祖母の死

一ヶ月ほど前に母方の祖母が亡くなった。一つの時代が終わったという気がする。自分の中で。

私は何の宗教の信仰もないし、そもそも死後の世界や魂の存在も信じていないので、葬儀には出ずに東京に戻ることにした。葬儀はほとんど家族葬に近いかたちで、親族と、どうしても参加したいという人だけで行ったという。

信仰は人それぞれだから、葬儀に参加したいという人がいるのも理解するので、それはそれで良かったのだと思う。私としては、死んでから百のことをしてあげるよりも、生きているうちに一でも良いから何かをしてあげたいという考えなので、亡くなる一ヶ月ほど前、まだ意識のはっきりとしている時に顔を見せてあげられたことで満足という気持ちもある。

祖母の生前からの希望で、祭壇には遺影は飾られていなかった。そもそも写真に映ることもあまり好まない、シャイな人であった。

「棺の蓋を開けられて、顔を見られるのは、きっと祖母にとって本意ではないだろう」

というようなことを考えていたら、果たして生前は「棺にすぐに釘を打ってしまってあまり死に顔を人に見せないようにしてくれ」というようなことを話していたらしく、やはりなと思わず笑ってしまった。
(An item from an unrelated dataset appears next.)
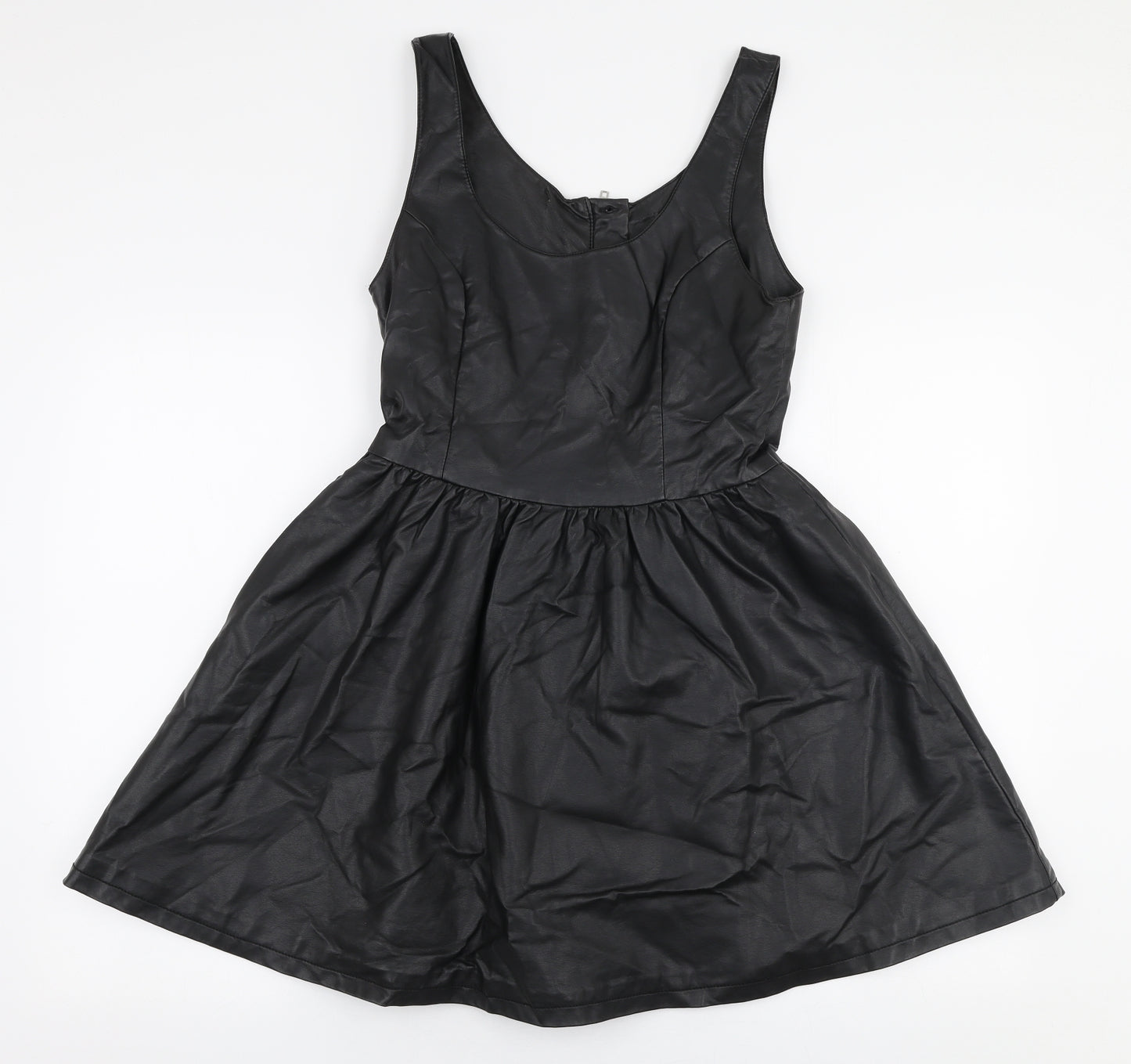 H&M Womens Black  Polyester Skater Dress  Size 10  Round Neck Zip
祖父が亡くなったときは火葬の場にすら立ち会わなかったのだけど、今回は一応火葬にだけは立ち会うことにした。骨上げでは、「橋渡し」といいながら箸を使って骨を骨壷に運んでいく。火葬場のおじさんが、この骨はどこどこで…という風にいちいち説明してくれて、皆が神妙そうな面持ちでそれを聴いている。母親が私に向かって、私に骨を拾ってもらえて祖母も喜んでいるだろうと言ったが、私にはそうは思えなかった。祖母は、おそらく、スコップでも使ってさっさと骨壷に収められることを望んでいただろうと思う。少なくとも、皆が見ている前で骨を取り上げられて、「これが喉仏で…」みたいな説明をされるのは嫌だったろうなと考えつつ、これも儀式と思って黙って話を聞いた。
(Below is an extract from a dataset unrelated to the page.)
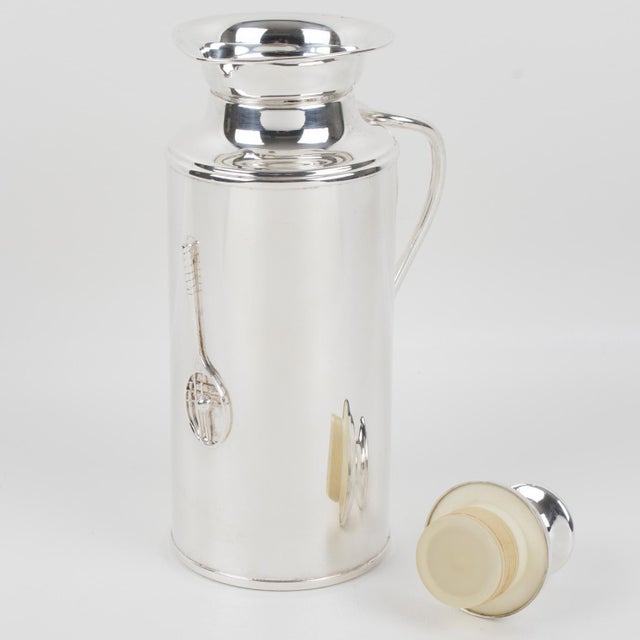 Silver Silver Plate Thermos Insulated Decanter by Studio Italia, 1980, Tennis Motif For Sale - Image 8 of 9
祖父が亡くなってからのこの6、7年は、特に足を悪くして施設にはいってからのここ数年は、本当にお迎えを待っているという感じだったので、悲しいとか寂しいとかいうよりも、お疲れ様と言いたいような、ちょっと安堵したような気もする。こうしてあと少しすると、今度は私の両親もそのような立場になり、その次は私ということになる。もちろんこればかりは順番通りとは行かない可能性もあるけれど、しかしこうしてみると人の一生というのもやはりあっという間に過ぎていくものなのだなあと感じたのでした。